Interview: Amrou Al-Kadhi – ‘Professional Unicorn. Queer Iraqi non-binary Brit’
We caught up with Amrou Al-Kadhi aka drag sensation Glamrou to talk about their new show from Quran to Queen at Soho Theatre in 2020 and their book Unicorn.
See what Amrou had to say below…
Tell us about your show just announced at Soho Theatre. What should an audience expect?
I love dangerous, biting comedy, and this show won’t shy away from tough questions but in a humorous, hopefully uplifting way. It’s a drag show about my life-long battle with Islam, and the show takes the form of 5 Islamic prayers (as stipulated in the Quran).
Each prayer is a different love song to Allah – from an ‘I love you’ song and a ‘Breaking Up’ Song, to a ‘Let’s Open our Relationship’ song etc… – it’s kind of like a musical-comedy rom-com between me and Allah, exploring questions about merging your faith with your queer identity, queer shame, rejection, conflicting identities, and the spiritual power of drag.
Our editor recently read your insightful book on finding your way as a Muslim person and drag queen, Unicorn: Memoirs of a Muslim Drag Queen.
What was it like exposing yourself so and what do you hope the book will achieve?
Aw thanks for reading UNICORN! It was obviously very nerve-wracking, but also incredibly cathartic. My life has been very difficult in many ways, and being able to put it all down on a page somehow released me from so many of the negative experiences.
The writing process was kind of an act of self-forgiveness, if not of my family as well. As a young queer person of colour, I literally had no-one I could see myself in. I felt so desperately alone and scared – I really just hope that this book can provide hope for young queer people of colour struggling to find themselves.
What or who inspires you to write and perform?
My Queer, Trans, People of Colour communities – they give me so much hope and fight.
You’ve studied at some of the UK’s most prestigious education institutions including Eton and Cambridge. What would you like to see on a curriculum for today’s Generation Z young people?
An honest account of colonialism! The way British History is taught is undeniably from a nationalist perspective, and colonialism is painted as this triumph of expedition.
It also involved the decimation of indigenous communities, and brought tough British criminal laws into the Middle-East, Africa, and Asia, which still remain. So much of the curriculum forces people of colour to aspire to Britishness, and this is damaging to our racial identities. We need a proper decolonised curriculum.
What advice would you give someone from an underrepresented background who wants to go into performing arts?
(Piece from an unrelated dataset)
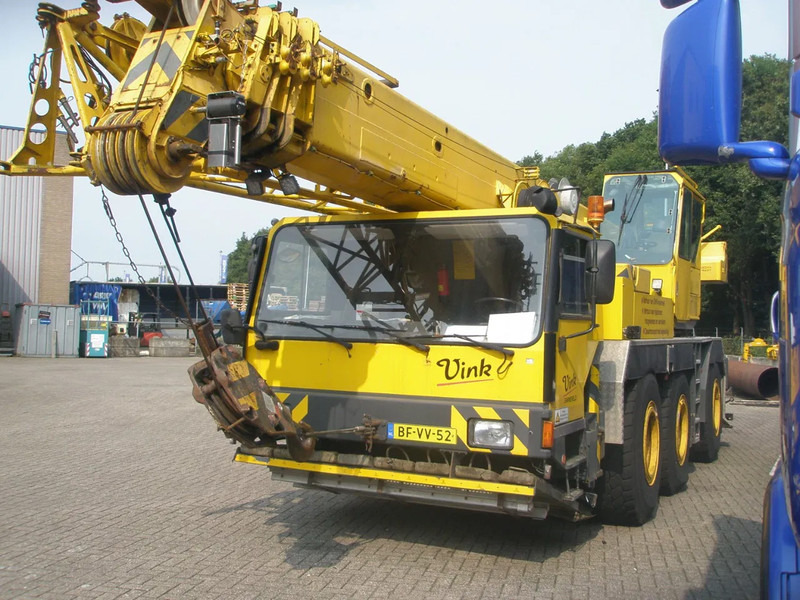 Liebherr LTM1040 - Žeriav pre všetky terény: obrázok 2 Liebherr LTM1040 - Žeriav pre všetky terény: obrázok 2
Don’t try and emulate the Establishment. It was the second I let go of what other people wanted that I managed to find some success through just saying what I honestly thought and performing in a way that was honest to my cultural heritage.
What’s your favourite London haunt?
The Chateau in Camberwell is quickly becoming my favourite queer space – so inclusive, diverse, and uplifting! And amazing performances too!